We had already decided that our chat today would be about what kicked off World War One. However, as part of my homework for this, I listened again to this earlier conversation we recorded about World War One, way back in 2017, and I was reminded that we’d already had quite a lot to say about the causes of World War One. This was the very first of these conversations of the most recent clutch, and I was agreeably surprised by how much sense it made, and by how relatively little irrelevant tangenting and general repetition and waffling I inflicted upon Patrick.
All of which meant that we needed to steer the chat towards things we hadn’t said in that previous one. We went into a bit more of the detail this time, about how Russian military reaction to defeat in 1905 by Japan might have made Germany nervous. And we also talked more about how Britain was, in the years before World War One, threatening to tear itself apart over how to answer the Irish Question, which meant that in 1914 Britain consequently seemed very weak, compared to how strong it eventually turned out to be.

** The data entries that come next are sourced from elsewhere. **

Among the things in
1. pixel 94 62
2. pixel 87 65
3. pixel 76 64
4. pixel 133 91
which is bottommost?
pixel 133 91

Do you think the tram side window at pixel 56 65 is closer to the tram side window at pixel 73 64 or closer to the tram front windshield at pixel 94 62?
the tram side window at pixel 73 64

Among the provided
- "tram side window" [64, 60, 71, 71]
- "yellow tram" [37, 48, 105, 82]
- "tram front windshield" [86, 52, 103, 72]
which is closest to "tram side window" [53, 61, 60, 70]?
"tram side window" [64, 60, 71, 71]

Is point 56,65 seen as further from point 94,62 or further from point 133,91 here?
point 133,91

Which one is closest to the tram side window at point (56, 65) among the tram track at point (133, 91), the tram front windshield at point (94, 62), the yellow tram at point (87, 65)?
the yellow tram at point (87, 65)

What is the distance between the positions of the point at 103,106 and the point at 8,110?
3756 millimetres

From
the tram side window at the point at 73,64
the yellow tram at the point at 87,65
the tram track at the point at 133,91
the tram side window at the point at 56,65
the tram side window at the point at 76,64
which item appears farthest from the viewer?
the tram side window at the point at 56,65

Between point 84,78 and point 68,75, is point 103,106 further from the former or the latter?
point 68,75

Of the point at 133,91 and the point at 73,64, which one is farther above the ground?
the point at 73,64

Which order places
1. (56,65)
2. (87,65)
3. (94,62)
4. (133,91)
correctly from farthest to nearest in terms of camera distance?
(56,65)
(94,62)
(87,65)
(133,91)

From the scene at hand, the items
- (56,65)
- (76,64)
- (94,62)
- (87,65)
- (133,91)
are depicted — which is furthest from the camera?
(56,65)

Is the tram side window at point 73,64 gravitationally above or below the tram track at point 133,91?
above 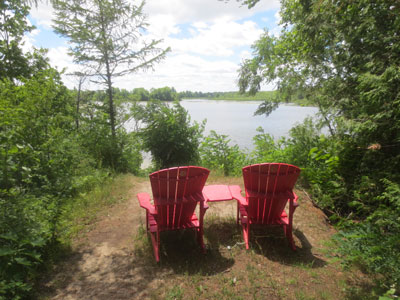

I also added some attempted generalisations, about how nothing on its own can cause anything else (I blamed and have long blamed Sherlock Holmes for immortalising the error that consists of contradicting this fact), and for how a multipolar world made that world vulnerable to a cascade of escalating declarations of war, all of them restrained, but not restrained enough, by the fact that this huge war was actually much feared, but not feared enough. Which is all quite orthodox, but I feel I understand all this stuff a bit better than before. However, I did digress rather wildly into giving this book about Brexit a plug, because it illustrates well how the cleverest people can react to events really quite intelligently, and still get, for them, a very bad result.
No apology for returning to this vexed subject. I mean, historically, could there be a more important question?
This latest effort will arrive at Croziervision, whenever it arrives, presumably accompanied by the very helpful notes that Patrick now likes to introduce these conversations with. Nothing we said can’t happily wait a couple of weeks, or whatever the wait turns out to be.